Pekanbaru (Riaunews.com) – Sebuah studi mengungkapkan bahwa konsumsi minuman manis secara berlebihan dapat meningkatkan risiko gangguan kecemasan pada remaja. Temuan tersebut berasal dari meta-analisis yang dipublikasikan dalam jurnal Journal of Human Nutrition and Dietetics.
Penelitian yang dilakukan para peneliti dari Inggris itu meninjau berbagai studi yang dilakukan antara tahun 2000 hingga 2025. Hasilnya menunjukkan adanya hubungan antara konsumsi minuman berpemanis gula—seperti soda, minuman energi, jus manis, teh manis, dan kopi manis—dengan gangguan kecemasan pada remaja usia 10 hingga 19 tahun.
Remaja yang mengonsumsi minuman manis dalam jumlah lebih tinggi diketahui memiliki sekitar 34 persen risiko lebih besar mengalami gangguan kecemasan dibandingkan mereka yang jarang mengonsumsinya. Dari sembilan studi yang dianalisis, tujuh di antaranya menunjukkan hubungan positif yang signifikan antara konsumsi minuman manis dan gejala kecemasan.
Salah satu penulis studi sekaligus dosen nutrisi di Bournemouth University, Chloe Casey, mengatakan bahwa dampak pola makan terhadap kesehatan mental masih jarang diteliti, terutama terkait minuman tinggi energi namun rendah nutrisi.
Menurut Casey, sebagian besar inisiatif kesehatan masyarakat selama ini lebih menekankan dampak fisik dari pola makan buruk, seperti obesitas dan diabetes tipe 2.
“Walaupun kami belum dapat memastikan penyebab langsungnya, studi ini menemukan adanya hubungan tidak sehat antara konsumsi minuman manis dan gangguan kecemasan pada anak muda,” ujarnya.

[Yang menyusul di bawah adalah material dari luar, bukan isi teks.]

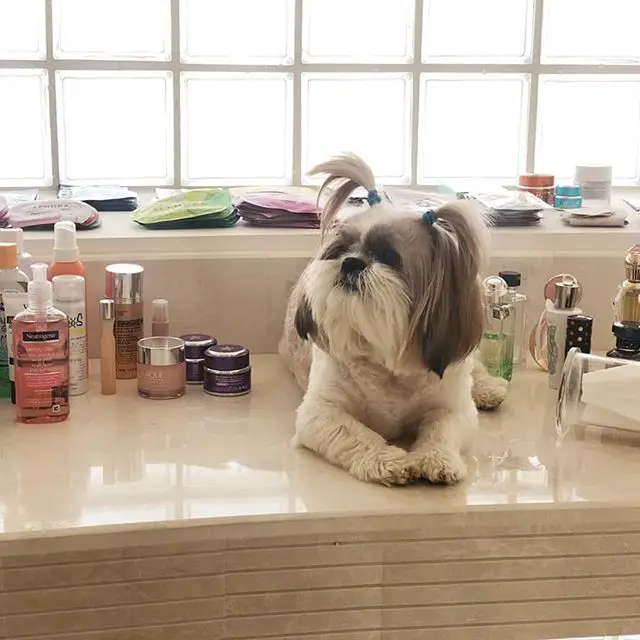 A Shih Tzu lying on top of the counter by the window with skincare materials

Gula Darah dari Minuman Manis Diduga Picu Respons Stres pada Tubuh
Ahli gizi terdaftar dari Los Angeles, Ilana Muhlstein, menjelaskan bahwa soda pada dasarnya merupakan gula cair yang tidak mengandung serat, protein, maupun lemak yang dapat memperlambat penyerapan gula dalam tubuh.

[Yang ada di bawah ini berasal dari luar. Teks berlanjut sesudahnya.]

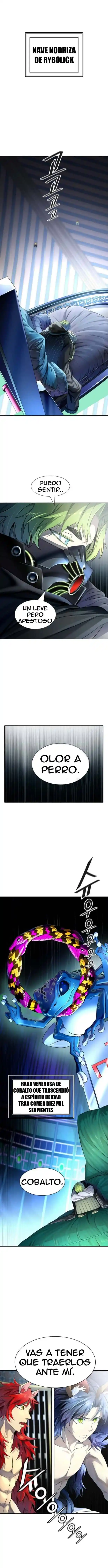 Torre De Dios capítulo 532, página 10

Kondisi tersebut membuat gula masuk ke aliran darah dengan sangat cepat. Akibatnya, pankreas harus bekerja lebih keras menghasilkan insulin sehingga kadar gula darah meningkat lalu turun secara drastis.
Menurut Muhlstein, kondisi tersebut dapat menimbulkan keadaan kekurangan dopamin yang terasa mirip dengan kecemasan.
“Semakin tajam lonjakan gula darahnya, semakin dalam penurunannya,” jelasnya.
Sementara itu, ahli nutrisi bersertifikat dan pakar longevity dari Los Angeles, Serena Poon, menekankan bahwa makanan dan minuman bukan sekadar sumber energi, tetapi juga memberikan sinyal penting bagi tubuh dan otak.
Ia menyebutkan minuman yang dikonsumsi remaja secara rutin dapat memengaruhi tingkat energi, kestabilan suasana hati, serta cara sistem saraf merespons stres.
“Minuman yang sangat manis dapat memberikan lonjakan energi cepat yang kemudian diikuti penurunan tajam. Jika ditambah kafein, hal ini dapat memperkuat respons stres dalam tubuh,” katanya.
Para ahli menyarankan orang tua untuk mendorong anak mengurangi konsumsi minuman manis dan lebih banyak mengonsumsi air putih, teh herbal, atau air berkarbonasi tanpa gula. Selain itu, pola makan yang seimbang dengan serat, lemak sehat, dan protein juga dinilai penting untuk menjaga kestabilan gula darah.
Menurut Poon, masa remaja merupakan fase penting dalam perkembangan otak sehingga asupan nutrisi yang seimbang dan hidrasi yang cukup sangat berperan dalam menjaga kesehatan fisik sekaligus emosional.